MATERIAL FOR THE TASK →
# # # # # # #

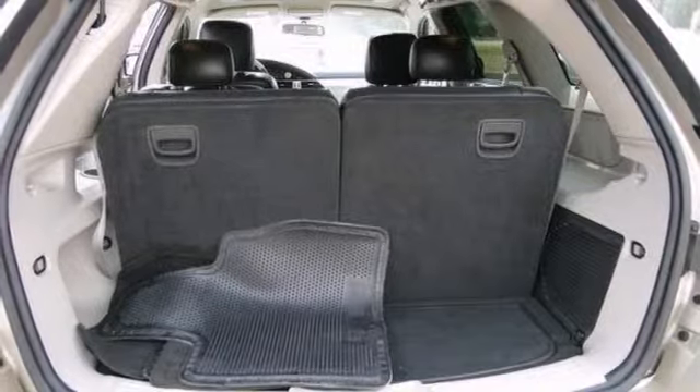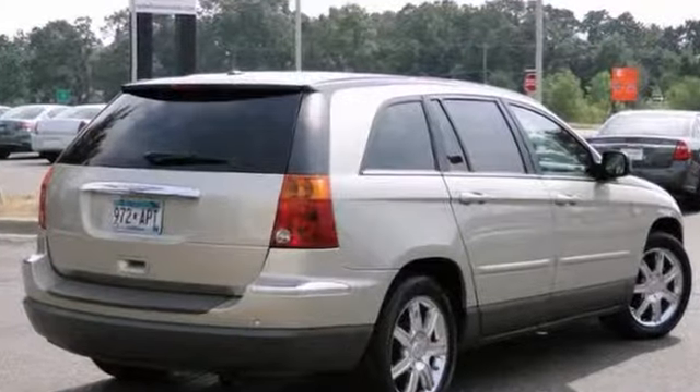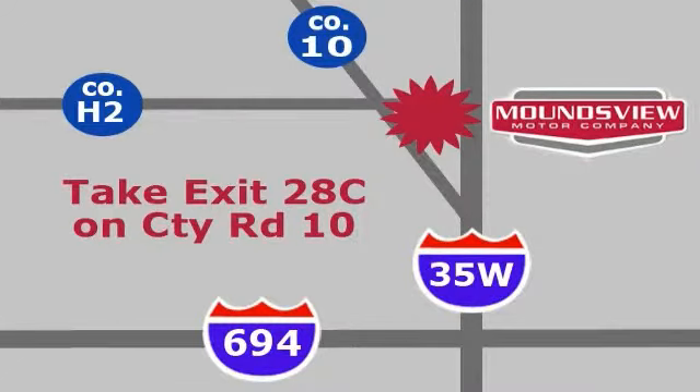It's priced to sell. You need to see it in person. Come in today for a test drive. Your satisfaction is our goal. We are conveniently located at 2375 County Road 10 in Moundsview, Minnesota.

# # # # # # #

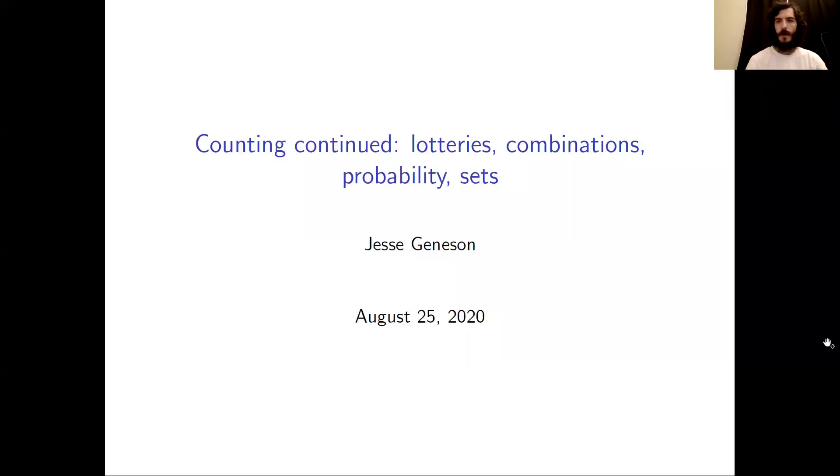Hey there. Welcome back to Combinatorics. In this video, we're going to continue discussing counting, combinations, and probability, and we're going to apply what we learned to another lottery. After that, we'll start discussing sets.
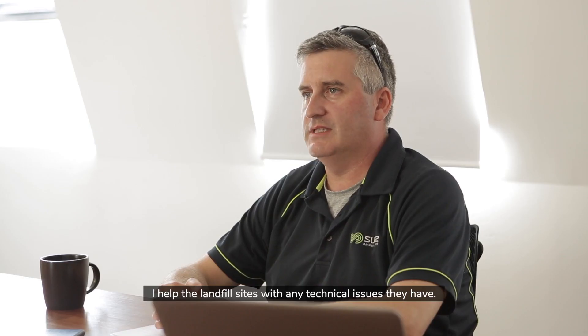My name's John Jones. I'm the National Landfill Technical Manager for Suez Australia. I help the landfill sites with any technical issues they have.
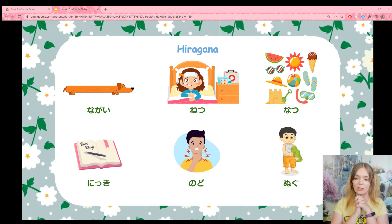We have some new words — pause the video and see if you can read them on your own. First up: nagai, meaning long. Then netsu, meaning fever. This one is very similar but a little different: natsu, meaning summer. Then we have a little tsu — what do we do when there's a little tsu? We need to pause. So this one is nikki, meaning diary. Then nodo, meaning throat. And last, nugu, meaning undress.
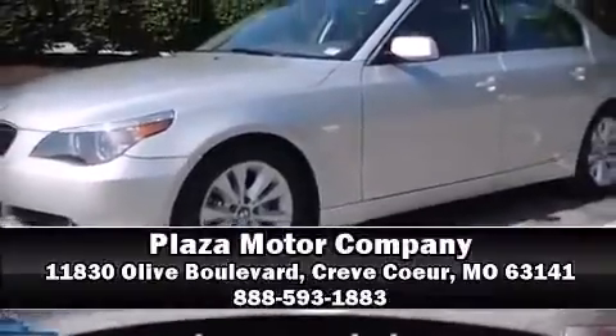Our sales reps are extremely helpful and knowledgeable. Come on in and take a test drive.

# # # # # # #

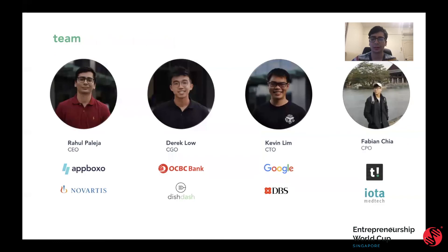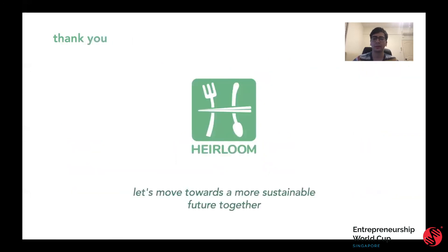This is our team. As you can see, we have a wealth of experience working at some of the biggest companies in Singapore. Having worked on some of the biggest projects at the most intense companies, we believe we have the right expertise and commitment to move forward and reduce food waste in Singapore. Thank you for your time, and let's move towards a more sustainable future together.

# # # # # # #

WORK TASK →
Set down again, exactly, every line above from the one with "We have some" down to the one with "Our sales reps", both ends included. No pictures, and nothing else.

SOLVED PROBLEM →
We have some new words — pause the video and see if you can read them on your own. First up: nagai, meaning long. Then netsu, meaning fever. This one is very similar but a little different: natsu, meaning summer. Then we have a little tsu — what do we do when there's a little tsu? We need to pause. So this one is nikki, meaning diary. Then nodo, meaning throat. And last, nugu, meaning undress.
Our sales reps are extremely helpful and knowledgeable. Come on in and take a test drive.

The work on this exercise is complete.